-- Work item --
Return the data below in full and exactly, except that the pictures are dropped.

┌─ Provided data

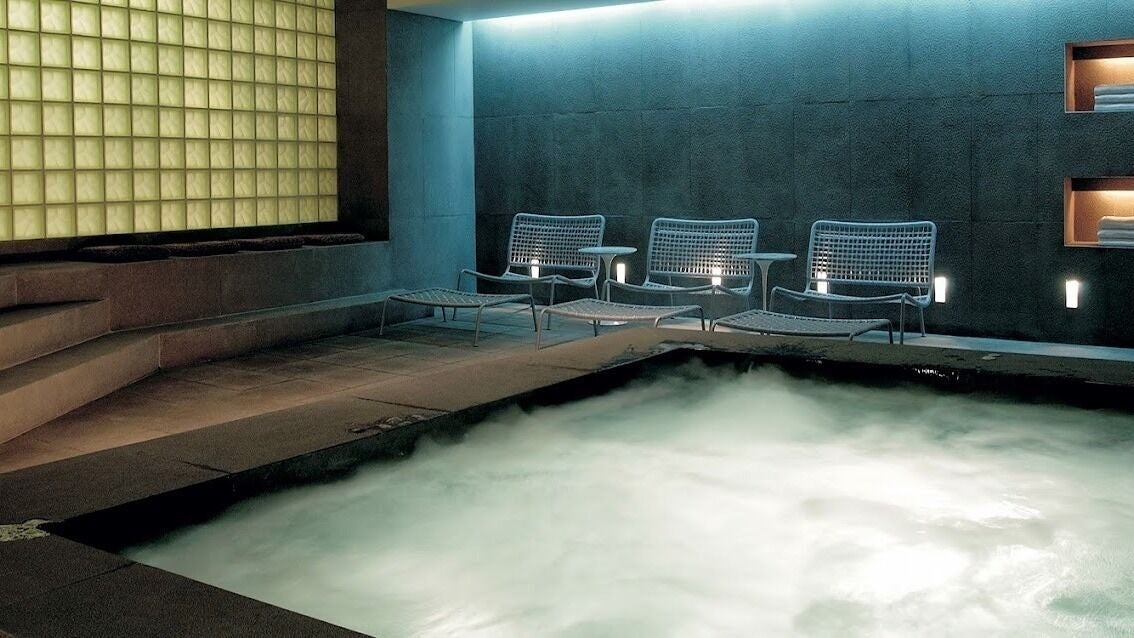 Χαλαρωτική ατμόσφαιρα σάουνας στο Cocoon Urban Spa, Αγία Παρασκευή, GR.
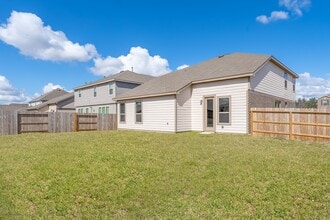 Building Photo - 6120 Whitewing Rd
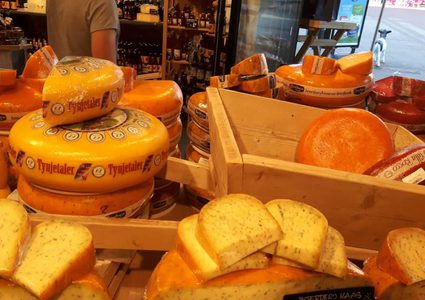 الجبن يشعل معركة قضائية في هولندا.. والسبب!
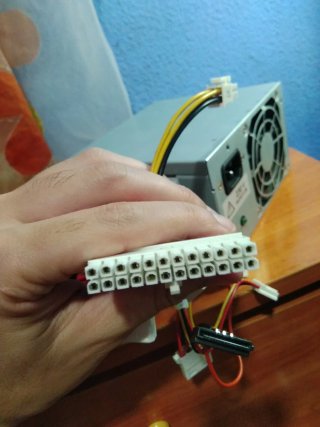 Fuente de Alimentación PC 230V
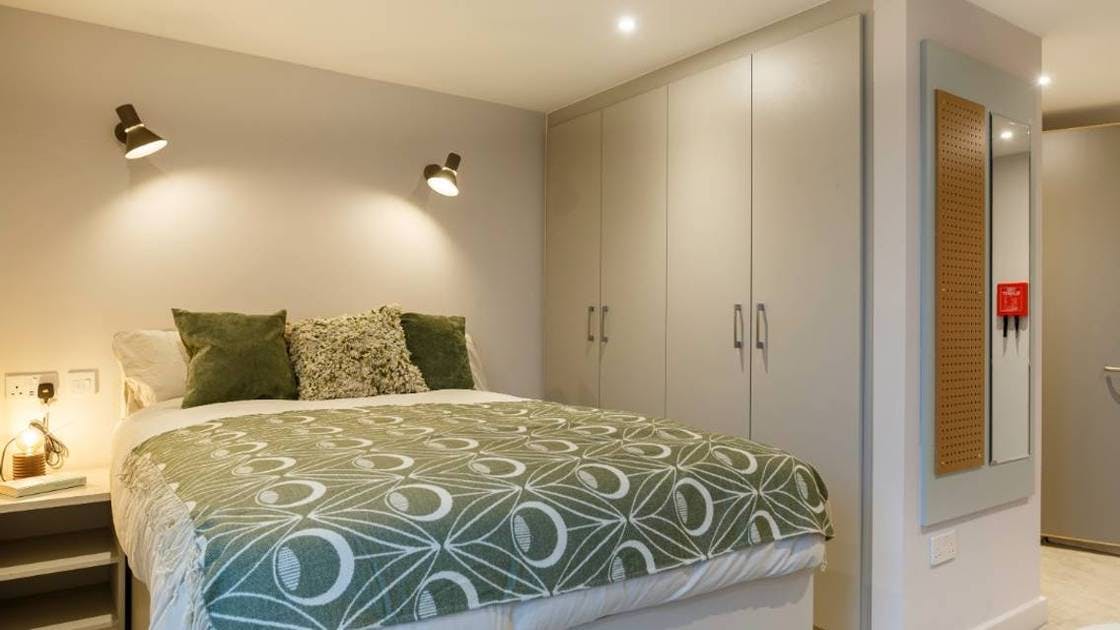 Premium One Bed Apartment Accessible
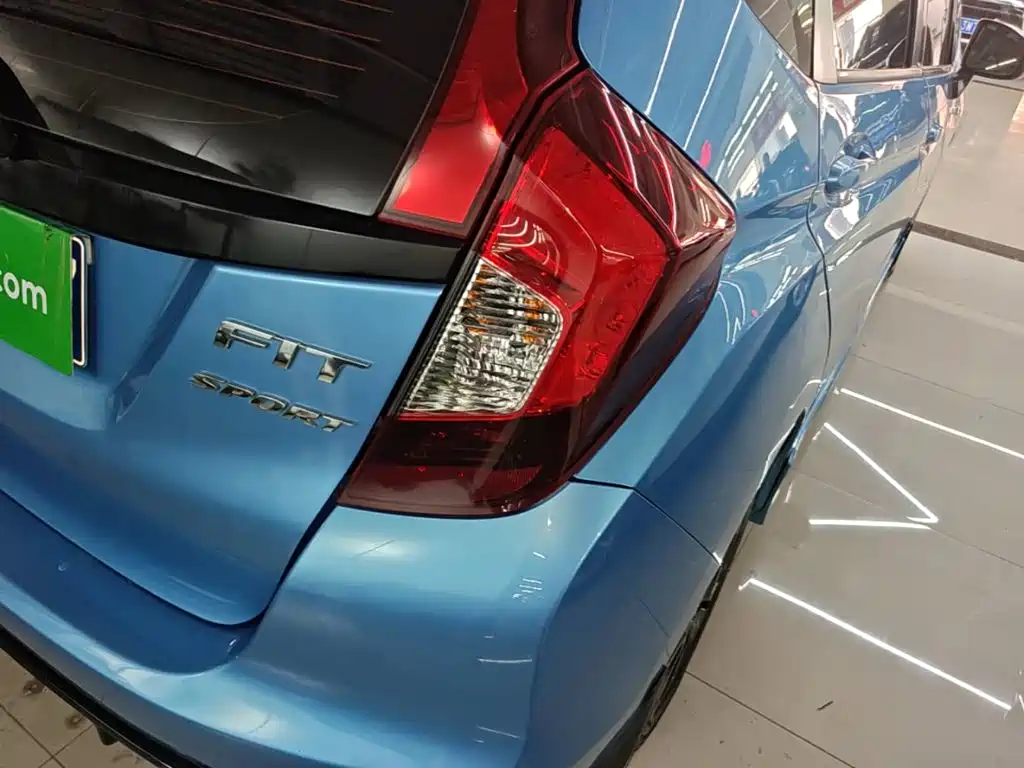 Honda Fit — фото 7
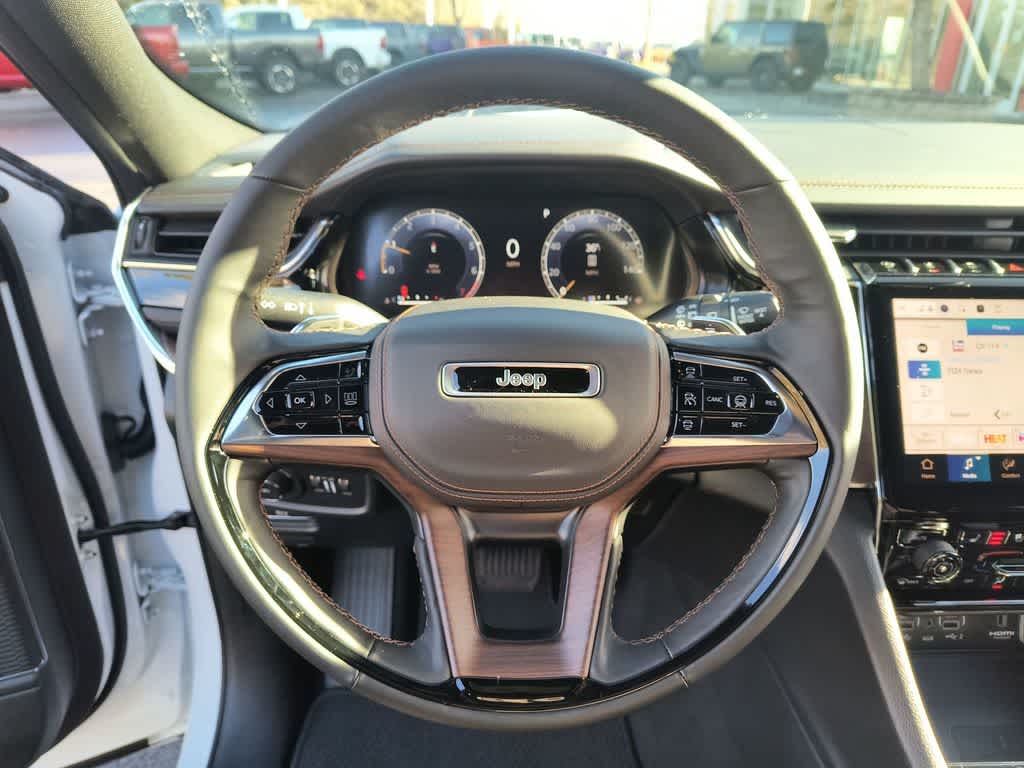 Thumbnail: 2025 Jeep Grand Cherokee L - 14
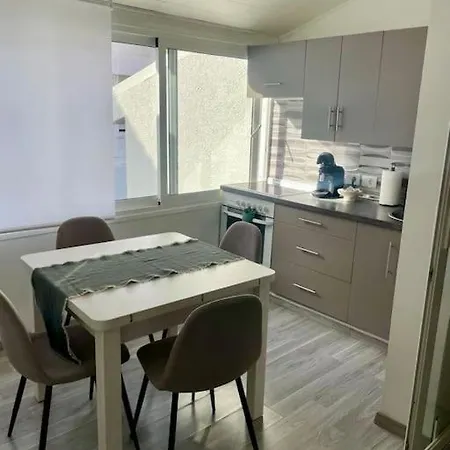 4 Seasons House Apartment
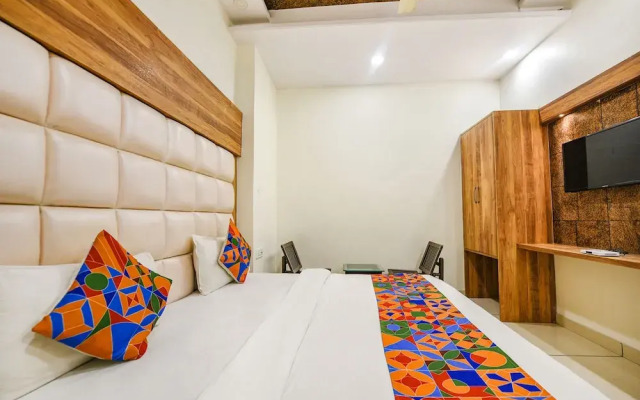 Fabhotel Savera Park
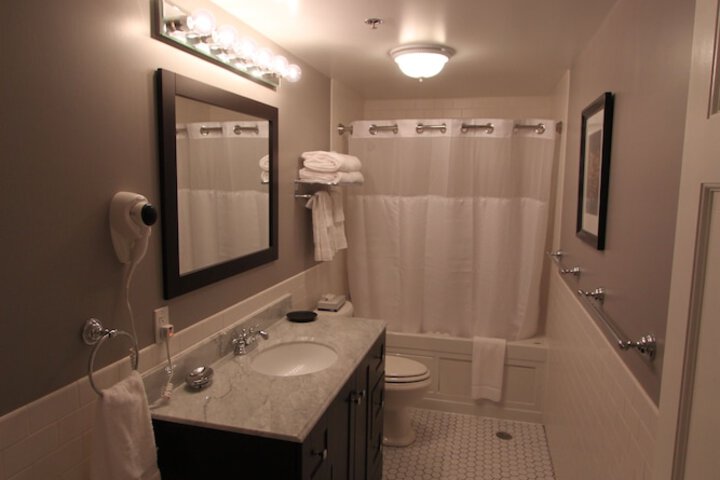 Room 21 of 36
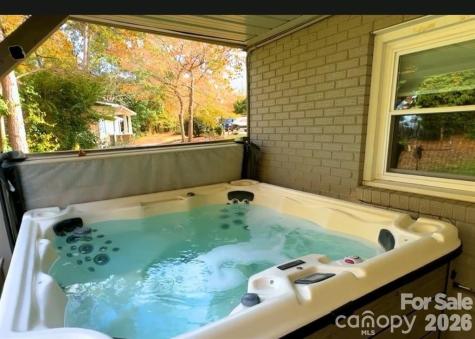 9542 Riviera Drive Sherrills Ford NC 28673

└─

-- Answer below --
 Χαλαρωτική ατμόσφαιρα σάουνας στο Cocoon Urban Spa, Αγία Παρασκευή, GR.
 Building Photo - 6120 Whitewing Rd
 الجبن يشعل معركة قضائية في هولندا.. والسبب!
 Fuente de Alimentación PC 230V
 Premium One Bed Apartment Accessible
 Honda Fit — фото 7
 Thumbnail: 2025 Jeep Grand Cherokee L - 14
 4 Seasons House Apartment
 Fabhotel Savera Park
 Room 21 of 36
 9542 Riviera Drive Sherrills Ford NC 28673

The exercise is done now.